Advice for Perfectionists and Controllers
If your perfectionism or need to control others is ruining your relationships, Dr. Phil has some advice.
- If a relationship with a loved one is strained because of your behavior, ask yourself what ownership you have in the current situation. What are you doing to alienate those close to you?
- Ask yourself: How much fun are you to be around? Can you honestly blame anyone for not wanting to be around someone who constantly nags, criticizes and controls? Do you have a critical spirit?
- Acknowledge that the need to control is really about you. It isn't about the people you are trying to control " it's about a need that you are trying to fill, or a fear that you may have. When a person is trying to control all the external chaos in their world, they are really trying to control their internal chaos.
- What is driving your need for perfectionism? Find out what you are afraid of. If you don't control everything, what do you think will happen? What are you afraid people will conclude about you if you aren't perfect? What do you know about you, that you think everybody would see, if you didn't keep up the façade?

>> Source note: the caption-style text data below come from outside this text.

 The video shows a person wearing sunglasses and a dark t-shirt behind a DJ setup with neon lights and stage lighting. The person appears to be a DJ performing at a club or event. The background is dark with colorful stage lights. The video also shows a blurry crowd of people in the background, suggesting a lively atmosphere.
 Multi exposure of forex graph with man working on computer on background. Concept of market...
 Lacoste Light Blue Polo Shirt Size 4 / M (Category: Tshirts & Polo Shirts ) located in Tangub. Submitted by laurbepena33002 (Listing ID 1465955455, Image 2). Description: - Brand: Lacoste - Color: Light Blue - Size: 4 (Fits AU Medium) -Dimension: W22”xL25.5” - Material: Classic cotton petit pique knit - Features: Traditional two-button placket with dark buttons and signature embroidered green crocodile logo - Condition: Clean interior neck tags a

- Be aware of how you make people feel. If you have children, they may be feeling like they will never measure up, they'll never be good enough, there's nothing they can ever do to please you. Are you inadvertently teaching them how to become a controlling perfectionist just like you? Do you really want to hand that legacy down to your children?
- It is possible to be so controlling that it actually cripples your health. Isn't it true that you're exhausted trying to control everything? As you get older, you're going to find you have less and less energy to keep all of the balls in the air. And some of them are going to start hitting the ground, and then you're going to start panicking. At some point you have to trust yourself and trust the world enough to say, "I will let go and if it falls apart, it falls apart." The world is not going to fall off its axis if you let go.
- Ask yourself what you have to lose if you stop trying to control others. You know on a rational level that it isn't possible to control people and the world. You can't really lose any control because you don't really have control over other people and the world now.
- Understand that what you fear, you create. Sometimes controlling people are so afraid of losing the people around them, that they drive the ones they love away with controlling behavior.
- Give yourself permission to let go and make the choice to change.